Ils étaient tous en école d’art, biberonnés au punk et ont décidé que les rues de la Capitale seraient leur galerie, bien avant que le mot « street-art » soit arrivé de New-York ! « On leur apprend les techniques dans les écoles d’art, mais ils ne veulent pas en faire des choses classiques. Ils veulent casser les codes », décrypte l’auteur. Et Paris a joué un rôle central dans cette histoire. « Les écoles d’art dans les années 80 sont aussi des lieux de rencontre. La Cafeteria des Arts Déco, c’est l’endroit où il faut se croiser quand tu as envie de bouger, faire de la peinture ou de la musique. Les Beaux-Arts de Versailles, où est né le collectif Banlieue-Banlieue sont également un point central. » Paris dans les années 80, c’est également un village nocturne : au Bain-Douche ou au Palace, ces peintres d’un nouveau genre rencontrent des ministres comme des stylistes, des réalisateurs… Et ils se retrouvent le lendemain à peindre pendant un concert ou un défilé de mode, réaliser un décor de film. Afin de retracer leurs épopées, Olivier Granoux est allé fouiller dans les greniers et les caves pour retrouver des photos, taper à la porte de ceux qui s’appellent aujourd’hui Jérôme Mesnager, Blek le Rat, Speedy Graphito… Le résultat est un très beau livre qui nous replonge dans une époque, mais également dans un état d’esprit qui fait diablement du bien au moral !

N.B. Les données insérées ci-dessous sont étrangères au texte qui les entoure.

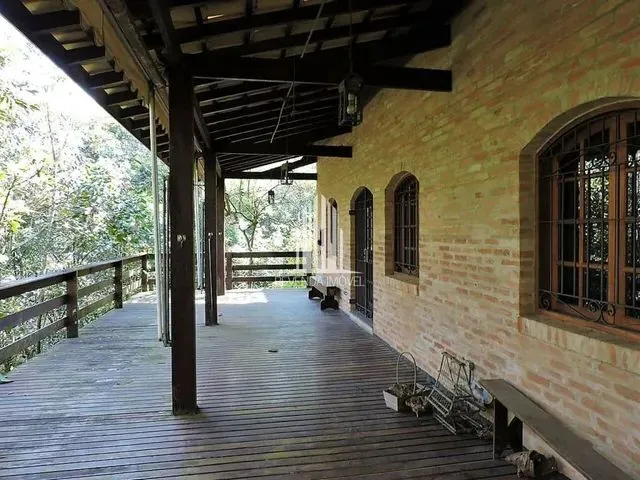 Imagem: Casa Rústica no Condominio Reserva do Peroba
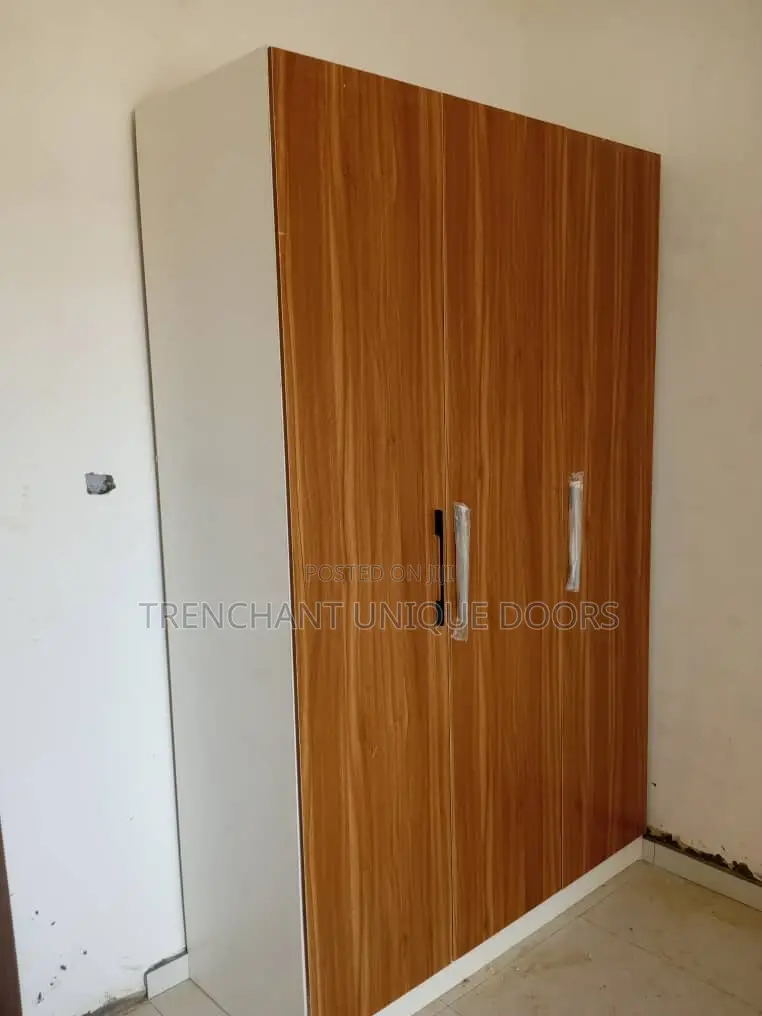 Wardrobe in Different Sizes and Designs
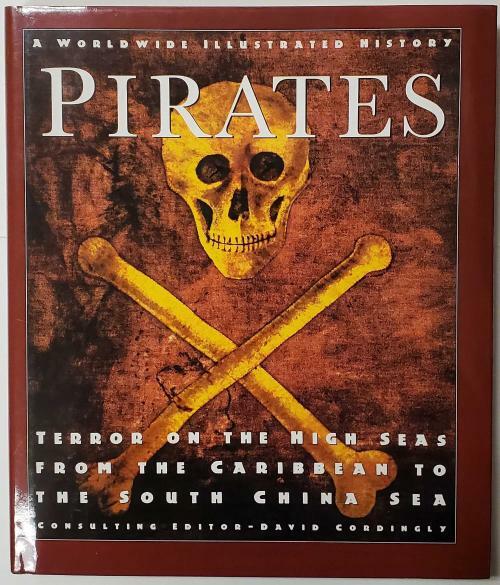 Pirates by David Cordingly (editor)
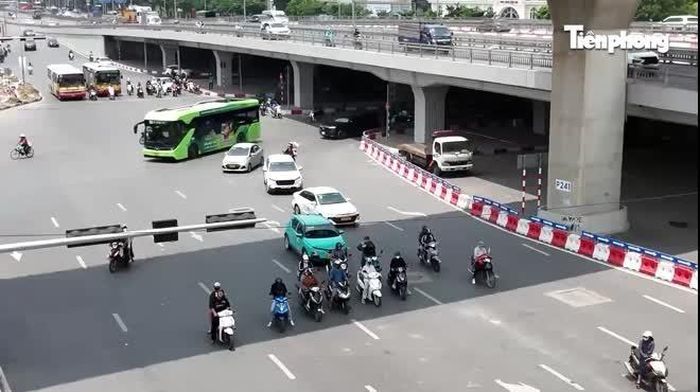 Miền Bắc bước vào ngày nắng nóng đỉnh điểm, nhiều nơi vượt 40 độ C. Ảnh minh họa
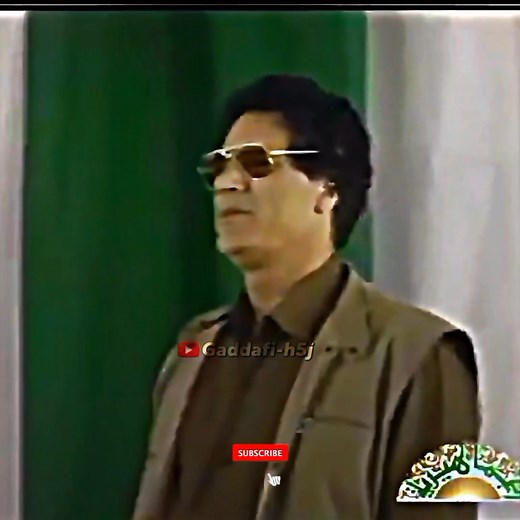 84K views · 8K reactions | Muammar Gaddafi speech about Kashmir at UN| #MuammarGaddafi #Libya #shorts #Youtube | Muammar Gaddafi | Facebook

The (First) Princes of the City

BEAUTIFUL BOOK – Journalist Olivier Granoux sheds light on a little-known chapter of French urban art: the early-80s Paris punk saga of a small group of artists he nicknamed “The Savages.” All of them were art students, brought up on punk, and decided that the streets of the capital would be their gallery — long before the term “street art” made its way over from New York! “They’re taught the techniques in art school, but they don’t want to make anything traditional. They want to break the rules,” the author explains. And Paris played a central role in this story. “Art schools in the 80s were also meeting places. The Arts Déco cafeteria was the place to run into people when you wanted to get things moving, paint, or make music. The Beaux-Arts in Versailles, where the Banlieue-Banlieue collective was born, was also a key hub.” Paris in the 80s was also a kind of nighttime village: at Bain-Douche or the Palace, these new-style painters would meet ministers as well as stylists, filmmakers… And the next day they’d meet up again to paint during a concert or a fashion show, or to create a film set. To trace their adventures, Olivier Granoux went digging through attics and basements to find photos, and knocked on the doors of those now known as Jérôme Mesnager, Blek le Rat, Speedy Graphito… The result is a beautiful book that takes us back to a specific era, and to a mindset that feels incredibly energising and uplifting !

« Les Sauvages, l’odyssée punk des Pionniers du Street Art Français », Olivier Granoux, 25€ (éditions Alternatives)

Légende : les Banlieue-Banlieue en pleine préparation d’une fresque pour Marco Ferreri, à l’occasion de son film I Love You.